◆ **DATA FOR REVIEW**:
****************

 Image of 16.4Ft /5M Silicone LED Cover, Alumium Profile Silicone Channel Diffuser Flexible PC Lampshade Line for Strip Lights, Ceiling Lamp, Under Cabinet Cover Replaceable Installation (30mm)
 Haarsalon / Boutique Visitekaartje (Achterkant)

****************

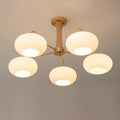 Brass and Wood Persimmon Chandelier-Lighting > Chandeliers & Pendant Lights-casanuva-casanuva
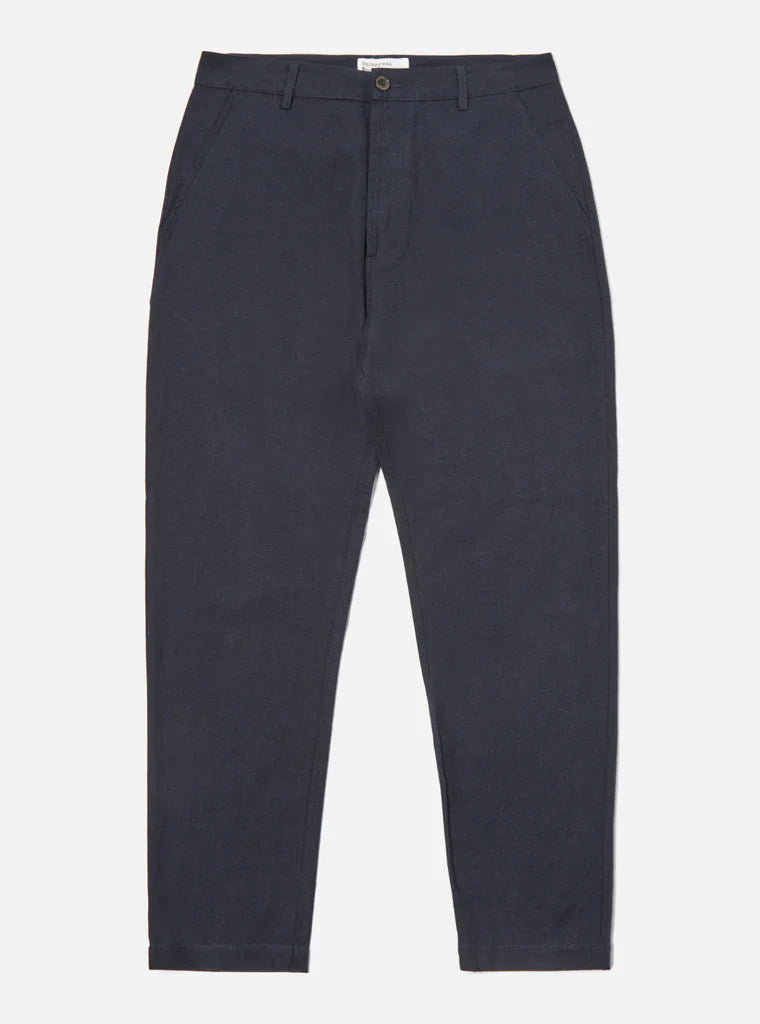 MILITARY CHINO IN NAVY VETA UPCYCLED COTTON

****************

◆ **YOUR ASSIGNMENT**:
Among the records above, locate the line containing "Brass and Wood" and the line containing "MILITARY CHINO IN NAVY VETA UPCYCLED COTTON", then transcribe exactly the lines starting at the first and ending at the second, with no pictures.

◆ **ANSWER BOX**:
 Brass and Wood Persimmon Chandelier-Lighting > Chandeliers & Pendant Lights-casanuva-casanuva
 MILITARY CHINO IN NAVY VETA UPCYCLED COTTON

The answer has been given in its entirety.